The goal is to maximize the following function: \begin{align} K_p(q) = q\log \frac{q}{p} + (1-q)\log \frac{1-q}{1-p} \end{align} where \begin{align} 0 \leq q \leq 1 \end{align} and $p \in (0,0.5)$ and is some constant. In other words, I'm maximizing the KL divergence in terms of one Bernoulli variable with success parameter $q$ with regard to another Bernoulli with success parameter $p$. The way I've set it up, I can see without formal calculations that it's maximized when $q=1$.
However, I'd like to use the KKT conditions to solve this problem formally and I'm running into problems doing that.
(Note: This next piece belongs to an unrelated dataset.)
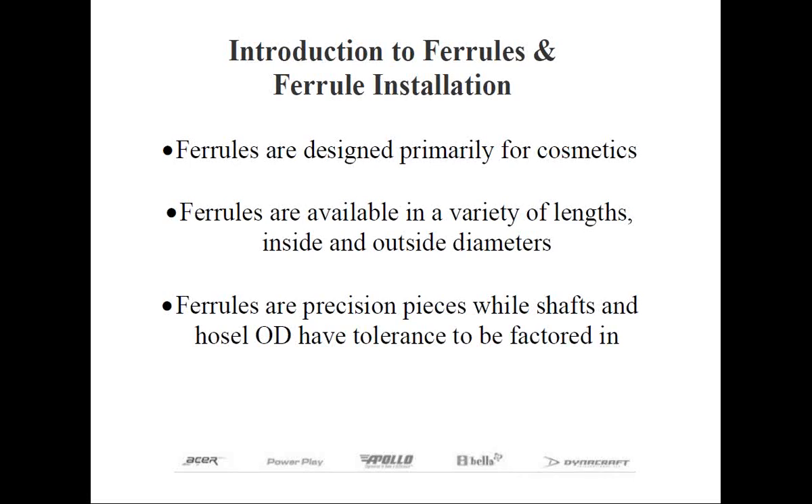Ferrules are designed to be undersized relative to the inside diameter. That is, a ferrule designed to fit a .370 parallel-tipped shaft will actually be intentionally manufactured with a .368 inside diameter. This requires force fitting the ferrule onto the shaft in order to reduce the likelihood the ferrule could slide up and down the shaft at a later date. This is one reason those new to club making find the procedure tedious, because they assume that the ferrule should slide easily onto the shaft tip.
First, I set up the Lagrangian to minimize with the KKT conditions: \begin{align} \mathcal{L}(q,\mu,\lambda) & = -K_p(q) - \mu(1-q) - \lambda q \newline \textrm{where} \quad & \mu, \lambda \geq 0 \newline & 0 \leq q \leq 1 \newline & \mu(1-q) = 0 \newline & \lambda q = 0 \end{align} I then set the derivative in terms of $q$ to zero and plug it back in and get the following dual form: \begin{align} D(\mu,\lambda) & = -\mu + \log(1-p+pe^{\mu-\lambda}) \newline & = \log(e^{-\mu}-pe^{-\mu}+pe^{-\lambda}) \end{align} which I'm supposed to maximize.
But again, I run into the problem where the maximum of the dual is attained when $\mu,\lambda=0$ (and I got these values again by looking at the equation because setting derivatives to zero was infeasible). Which, according to the KKT conditions, means that q is neither zero nor one. But that can't be right, because the maximum of $K$ is attained when $q=1$.
And my obvious question is: what am I doing wrong? And how is this done correctly?